Saturday, November 29, 2008


Having lived before, will live again, Time for her is less a river than a lake. Placid, still, it laps out to shores that never touch, touches bottom at a point just beneath breathing, breathes back and forth with the illusion of wind on water but never moves beyond. All the action, as they say, happens out of sight.

And she falls into it, like a ballerina, long auburn hair splayed on the top of the water in a spiral that swirls down with her as she begins her stroke. And she swims through Time, takes hers, and when her graceful underwater pirouette is done, she breaks the surface to draw another breath.
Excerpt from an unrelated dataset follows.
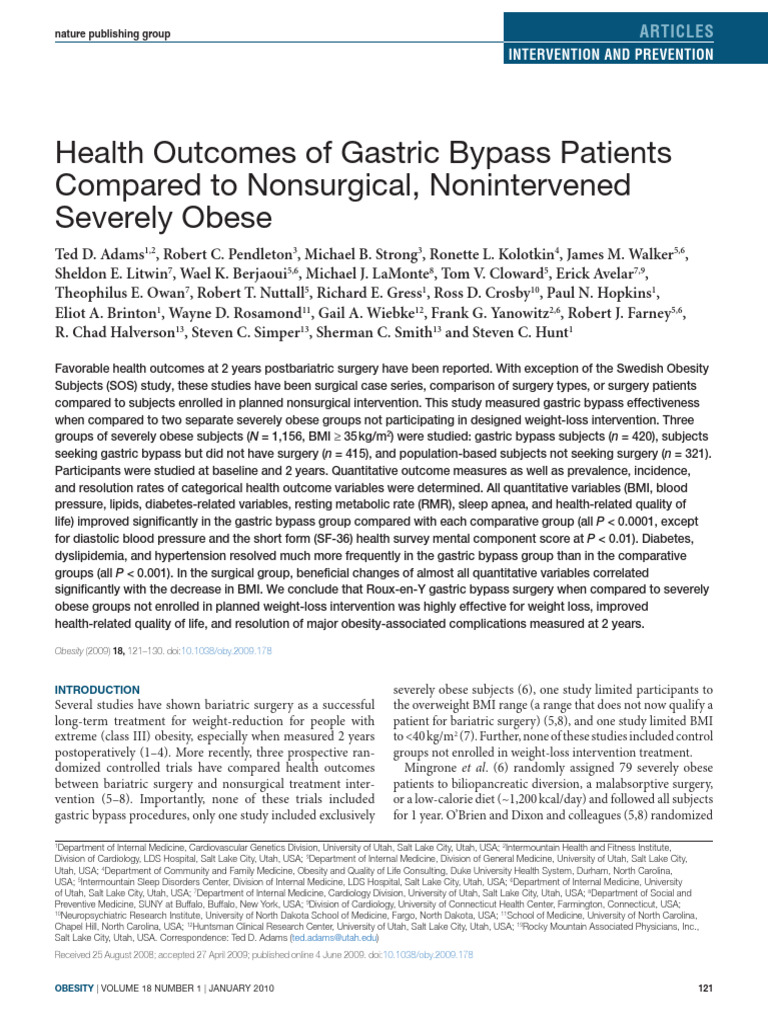 Health Outcomes of Gastric Bypass Patients Compared To Nonsurgical ...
And she is no closer to the shore, still in the middle of the vast, warm bath that simultaneously exasperates and caresses her, and then she sees him on the far shore. He is thirty, he is fifteen, he is eighty, he is nine. He is all men, all ages, and he stoops to touch the lapping at his feet. And she feels him and does not feel him, a disturbance through liquid Time that leaves a dull ache of unfulfilled contact, a ghost.

And it wracks her, this ghost of touch, and she begins to weep. And she slowly submerges, another languorous plunge into Time, and her tears mix with the waters and press that far edge just that one infinitesimal tear further, another drop out of reach, another wave to the man on the shoreline, never to return.